Paco Smith Responds to Mario Lara's question
Paco Smith | Chairman | BPP responds: Mario Lara, that is precisely the case. Guyana subsidizes its farmers. Belize could and should do the same, yet via successive administrations, the modus operandi has been that of political tribalism.
The two political parties have assisted, selectively,yet not across the board, which is required to give all Belizean rice producers an increased capacity to produce both effectively and efficiently, thus becoming increasingly more competitive.
Given the rumours which have emerged concerning the past importation of Guyanese rice, which was then, purportedly repackaged, with a local brand, the entire scenario reeks of collusion and corruption, from the top, along with certain, key players in the industry.
For me, this signals yet another instance which serves to highlight how Petrocaribe funds should have been used, instead of the piece-meal and non-strategic (that is in terms of elements other than political) manner in which they were.

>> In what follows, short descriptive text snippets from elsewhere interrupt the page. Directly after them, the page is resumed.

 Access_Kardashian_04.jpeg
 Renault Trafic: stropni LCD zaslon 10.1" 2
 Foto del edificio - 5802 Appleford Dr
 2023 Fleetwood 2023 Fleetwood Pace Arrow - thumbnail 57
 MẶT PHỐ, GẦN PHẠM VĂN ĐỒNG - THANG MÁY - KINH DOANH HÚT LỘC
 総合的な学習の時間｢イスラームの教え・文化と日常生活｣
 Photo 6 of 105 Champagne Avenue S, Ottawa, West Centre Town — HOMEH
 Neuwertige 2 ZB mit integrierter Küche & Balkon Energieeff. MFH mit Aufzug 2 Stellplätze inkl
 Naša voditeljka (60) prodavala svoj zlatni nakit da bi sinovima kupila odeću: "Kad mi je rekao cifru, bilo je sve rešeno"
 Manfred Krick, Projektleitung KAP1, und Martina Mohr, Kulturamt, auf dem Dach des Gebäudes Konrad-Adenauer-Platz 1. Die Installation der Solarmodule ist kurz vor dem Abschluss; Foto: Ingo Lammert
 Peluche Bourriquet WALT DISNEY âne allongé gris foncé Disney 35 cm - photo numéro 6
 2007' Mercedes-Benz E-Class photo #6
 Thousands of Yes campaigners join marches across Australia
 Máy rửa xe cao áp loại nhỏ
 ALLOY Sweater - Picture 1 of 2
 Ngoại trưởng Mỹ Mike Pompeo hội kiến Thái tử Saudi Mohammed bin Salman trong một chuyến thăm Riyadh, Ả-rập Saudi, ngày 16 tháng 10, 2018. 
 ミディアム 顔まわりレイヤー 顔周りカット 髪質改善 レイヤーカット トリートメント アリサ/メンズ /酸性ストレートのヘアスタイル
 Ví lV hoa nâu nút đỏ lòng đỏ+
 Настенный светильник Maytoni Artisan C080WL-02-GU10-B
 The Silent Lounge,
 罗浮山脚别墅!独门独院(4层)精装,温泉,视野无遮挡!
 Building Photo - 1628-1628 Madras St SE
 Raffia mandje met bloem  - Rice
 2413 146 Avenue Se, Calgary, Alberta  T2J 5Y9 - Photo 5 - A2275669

After all, the GOB had a considerable amount of funds at their disposal, via the Petrocaribe Loan Agreement, through which they should have invested not only in the rice industry, but also in other productive sectors. In all, it would have been prudent for the Barrow Administration to also invest those funds into efforts which promoted the value-added component of some of Belize's agricultural products.
Yet, alas, given the myopic viewpoint of our elected representatives, it appears as though such novel concepts were again, lost to them. The unfortunate, bottom line is that we continuously allow ourselves to be hoodwinked by these attorney-politicians who, based on their long and loathsome track-record of willful negligence and intentional dysfunction, evidently do not have the best interest of the masses, at heart.